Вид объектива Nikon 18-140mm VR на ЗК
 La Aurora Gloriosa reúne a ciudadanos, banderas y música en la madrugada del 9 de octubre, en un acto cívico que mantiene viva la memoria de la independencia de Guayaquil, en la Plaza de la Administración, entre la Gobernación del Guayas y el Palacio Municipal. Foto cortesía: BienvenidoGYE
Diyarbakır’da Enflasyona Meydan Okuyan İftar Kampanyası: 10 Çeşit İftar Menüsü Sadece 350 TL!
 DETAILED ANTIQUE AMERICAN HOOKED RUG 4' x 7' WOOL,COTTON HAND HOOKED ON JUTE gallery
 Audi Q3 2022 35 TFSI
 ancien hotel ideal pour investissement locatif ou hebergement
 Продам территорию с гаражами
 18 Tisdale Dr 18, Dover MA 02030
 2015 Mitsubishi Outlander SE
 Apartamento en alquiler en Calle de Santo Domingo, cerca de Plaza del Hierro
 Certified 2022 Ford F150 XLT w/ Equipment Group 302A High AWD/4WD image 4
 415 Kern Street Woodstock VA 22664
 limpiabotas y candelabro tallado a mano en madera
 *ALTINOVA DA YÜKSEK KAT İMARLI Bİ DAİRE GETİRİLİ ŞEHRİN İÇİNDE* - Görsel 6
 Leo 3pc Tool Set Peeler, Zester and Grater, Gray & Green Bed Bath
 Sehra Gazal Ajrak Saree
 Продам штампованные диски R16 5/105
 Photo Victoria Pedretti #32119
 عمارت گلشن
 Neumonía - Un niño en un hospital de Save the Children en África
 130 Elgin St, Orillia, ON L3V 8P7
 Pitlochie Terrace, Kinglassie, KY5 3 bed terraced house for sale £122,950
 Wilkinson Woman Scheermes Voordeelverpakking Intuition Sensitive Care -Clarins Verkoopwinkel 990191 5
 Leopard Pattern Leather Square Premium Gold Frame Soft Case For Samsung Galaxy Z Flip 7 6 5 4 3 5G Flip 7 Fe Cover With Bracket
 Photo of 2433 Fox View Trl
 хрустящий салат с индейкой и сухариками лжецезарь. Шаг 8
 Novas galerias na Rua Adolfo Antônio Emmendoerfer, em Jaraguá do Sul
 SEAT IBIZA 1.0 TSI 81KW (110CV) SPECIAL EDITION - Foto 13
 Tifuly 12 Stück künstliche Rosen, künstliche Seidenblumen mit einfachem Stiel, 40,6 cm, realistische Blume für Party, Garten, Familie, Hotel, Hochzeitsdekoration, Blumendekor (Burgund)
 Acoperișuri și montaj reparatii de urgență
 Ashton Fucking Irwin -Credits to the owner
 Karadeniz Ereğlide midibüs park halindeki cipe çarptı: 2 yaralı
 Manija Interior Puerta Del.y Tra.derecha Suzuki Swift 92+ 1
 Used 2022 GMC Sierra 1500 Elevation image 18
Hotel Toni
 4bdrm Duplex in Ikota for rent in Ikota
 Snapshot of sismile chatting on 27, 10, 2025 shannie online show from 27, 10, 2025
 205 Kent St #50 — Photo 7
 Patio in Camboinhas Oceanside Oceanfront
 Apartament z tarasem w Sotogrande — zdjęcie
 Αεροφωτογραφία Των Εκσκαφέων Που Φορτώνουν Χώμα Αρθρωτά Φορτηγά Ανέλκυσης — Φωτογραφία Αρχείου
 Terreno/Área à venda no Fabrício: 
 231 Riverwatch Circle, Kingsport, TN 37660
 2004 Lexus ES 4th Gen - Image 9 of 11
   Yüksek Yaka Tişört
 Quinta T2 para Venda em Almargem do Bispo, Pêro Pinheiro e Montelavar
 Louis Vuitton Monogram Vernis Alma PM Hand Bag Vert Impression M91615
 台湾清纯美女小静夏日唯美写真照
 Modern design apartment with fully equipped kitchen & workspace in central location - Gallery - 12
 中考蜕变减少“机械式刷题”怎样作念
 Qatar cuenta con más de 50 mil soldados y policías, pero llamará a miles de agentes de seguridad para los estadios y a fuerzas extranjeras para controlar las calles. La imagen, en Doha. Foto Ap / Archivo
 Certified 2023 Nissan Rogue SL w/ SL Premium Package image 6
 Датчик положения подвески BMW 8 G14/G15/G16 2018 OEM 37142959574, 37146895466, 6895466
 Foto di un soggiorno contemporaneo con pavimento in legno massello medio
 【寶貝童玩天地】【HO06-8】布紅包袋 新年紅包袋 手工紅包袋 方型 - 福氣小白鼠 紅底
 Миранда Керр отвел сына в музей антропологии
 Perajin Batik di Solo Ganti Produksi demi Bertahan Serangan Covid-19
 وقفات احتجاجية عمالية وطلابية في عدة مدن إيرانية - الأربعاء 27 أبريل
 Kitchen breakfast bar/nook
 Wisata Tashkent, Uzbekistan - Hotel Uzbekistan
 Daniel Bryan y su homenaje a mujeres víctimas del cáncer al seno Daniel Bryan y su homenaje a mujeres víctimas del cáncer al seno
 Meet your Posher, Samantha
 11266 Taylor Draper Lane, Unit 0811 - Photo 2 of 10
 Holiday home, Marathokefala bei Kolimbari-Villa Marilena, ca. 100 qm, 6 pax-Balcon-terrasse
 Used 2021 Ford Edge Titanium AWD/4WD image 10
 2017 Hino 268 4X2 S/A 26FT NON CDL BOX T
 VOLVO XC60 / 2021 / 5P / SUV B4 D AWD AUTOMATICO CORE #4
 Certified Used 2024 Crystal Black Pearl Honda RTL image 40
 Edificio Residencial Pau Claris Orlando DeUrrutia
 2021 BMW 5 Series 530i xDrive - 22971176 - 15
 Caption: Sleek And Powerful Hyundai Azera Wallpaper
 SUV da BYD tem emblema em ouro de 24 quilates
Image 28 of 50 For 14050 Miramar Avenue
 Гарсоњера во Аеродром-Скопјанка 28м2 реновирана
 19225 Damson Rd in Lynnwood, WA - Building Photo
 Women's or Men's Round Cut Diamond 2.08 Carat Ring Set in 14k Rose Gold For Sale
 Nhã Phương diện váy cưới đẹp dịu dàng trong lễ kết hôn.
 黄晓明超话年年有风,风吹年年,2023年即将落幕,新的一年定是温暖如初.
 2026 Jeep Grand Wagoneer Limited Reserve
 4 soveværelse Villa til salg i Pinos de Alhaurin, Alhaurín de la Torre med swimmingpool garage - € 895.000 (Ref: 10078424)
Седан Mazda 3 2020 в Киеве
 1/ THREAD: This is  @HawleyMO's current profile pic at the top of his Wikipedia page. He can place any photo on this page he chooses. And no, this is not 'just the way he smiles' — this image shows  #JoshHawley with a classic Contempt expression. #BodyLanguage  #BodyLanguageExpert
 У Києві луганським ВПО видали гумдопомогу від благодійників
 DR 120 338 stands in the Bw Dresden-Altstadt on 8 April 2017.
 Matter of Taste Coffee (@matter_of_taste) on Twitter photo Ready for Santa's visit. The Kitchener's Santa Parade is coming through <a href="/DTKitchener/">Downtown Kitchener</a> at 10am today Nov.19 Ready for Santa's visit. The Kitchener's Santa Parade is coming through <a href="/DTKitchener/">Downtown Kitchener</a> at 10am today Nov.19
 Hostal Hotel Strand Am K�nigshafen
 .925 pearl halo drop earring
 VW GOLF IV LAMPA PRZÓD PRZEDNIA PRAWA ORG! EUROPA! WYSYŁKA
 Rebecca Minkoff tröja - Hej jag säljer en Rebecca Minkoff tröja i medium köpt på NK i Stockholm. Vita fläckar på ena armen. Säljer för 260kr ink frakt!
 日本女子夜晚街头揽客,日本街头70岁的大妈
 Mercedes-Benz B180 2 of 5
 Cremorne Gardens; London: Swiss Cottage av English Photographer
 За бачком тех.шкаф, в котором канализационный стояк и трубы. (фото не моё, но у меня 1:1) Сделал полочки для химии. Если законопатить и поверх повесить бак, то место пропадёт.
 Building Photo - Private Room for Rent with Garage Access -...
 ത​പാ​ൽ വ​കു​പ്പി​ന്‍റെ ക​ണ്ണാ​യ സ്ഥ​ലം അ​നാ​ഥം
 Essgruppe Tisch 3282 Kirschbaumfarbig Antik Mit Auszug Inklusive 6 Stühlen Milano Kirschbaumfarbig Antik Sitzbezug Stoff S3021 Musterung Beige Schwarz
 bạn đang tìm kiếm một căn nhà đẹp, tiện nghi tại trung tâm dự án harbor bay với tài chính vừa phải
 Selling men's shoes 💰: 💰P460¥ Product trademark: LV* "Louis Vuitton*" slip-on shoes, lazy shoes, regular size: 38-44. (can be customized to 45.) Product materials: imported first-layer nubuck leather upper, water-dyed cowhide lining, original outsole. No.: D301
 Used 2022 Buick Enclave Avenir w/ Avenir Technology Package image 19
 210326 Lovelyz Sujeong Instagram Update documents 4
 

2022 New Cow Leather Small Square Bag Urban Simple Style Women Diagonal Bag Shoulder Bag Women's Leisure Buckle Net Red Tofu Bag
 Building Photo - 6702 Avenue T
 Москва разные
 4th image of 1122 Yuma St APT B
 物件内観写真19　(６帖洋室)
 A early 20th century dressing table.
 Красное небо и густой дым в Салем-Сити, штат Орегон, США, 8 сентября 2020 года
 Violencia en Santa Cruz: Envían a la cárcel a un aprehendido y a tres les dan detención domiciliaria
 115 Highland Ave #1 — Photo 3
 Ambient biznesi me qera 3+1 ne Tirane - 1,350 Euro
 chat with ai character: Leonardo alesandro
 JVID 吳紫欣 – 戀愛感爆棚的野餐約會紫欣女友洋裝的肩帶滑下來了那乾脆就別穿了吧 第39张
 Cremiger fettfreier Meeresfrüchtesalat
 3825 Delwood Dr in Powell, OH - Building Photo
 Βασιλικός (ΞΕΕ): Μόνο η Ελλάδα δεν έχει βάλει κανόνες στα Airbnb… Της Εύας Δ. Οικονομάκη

· · · · · · ·

• [Task] The required output is the stretch of entries above from the line containing "DR 120 338 stands" through the line containing "bạn đang tìm", reproduced exactly.

• [Answer]
 DR 120 338 stands in the Bw Dresden-Altstadt on 8 April 2017.
 Matter of Taste Coffee (@matter_of_taste) on Twitter photo Ready for Santa's visit. The Kitchener's Santa Parade is coming through <a href="/DTKitchener/">Downtown Kitchener</a> at 10am today Nov.19 Ready for Santa's visit. The Kitchener's Santa Parade is coming through <a href="/DTKitchener/">Downtown Kitchener</a> at 10am today Nov.19
 Hostal Hotel Strand Am K�nigshafen
 .925 pearl halo drop earring
 VW GOLF IV LAMPA PRZÓD PRZEDNIA PRAWA ORG! EUROPA! WYSYŁKA
 Rebecca Minkoff tröja - Hej jag säljer en Rebecca Minkoff tröja i medium köpt på NK i Stockholm. Vita fläckar på ena armen. Säljer för 260kr ink frakt!
 日本女子夜晚街头揽客,日本街头70岁的大妈
 Mercedes-Benz B180 2 of 5
 Cremorne Gardens; London: Swiss Cottage av English Photographer
 За бачком тех.шкаф, в котором канализационный стояк и трубы. (фото не моё, но у меня 1:1) Сделал полочки для химии. Если законопатить и поверх повесить бак, то место пропадёт.
 Building Photo - Private Room for Rent with Garage Access -...
 ത​പാ​ൽ വ​കു​പ്പി​ന്‍റെ ക​ണ്ണാ​യ സ്ഥ​ലം അ​നാ​ഥം
 Essgruppe Tisch 3282 Kirschbaumfarbig Antik Mit Auszug Inklusive 6 Stühlen Milano Kirschbaumfarbig Antik Sitzbezug Stoff S3021 Musterung Beige Schwarz
 bạn đang tìm kiếm một căn nhà đẹp, tiện nghi tại trung tâm dự án harbor bay với tài chính vừa phải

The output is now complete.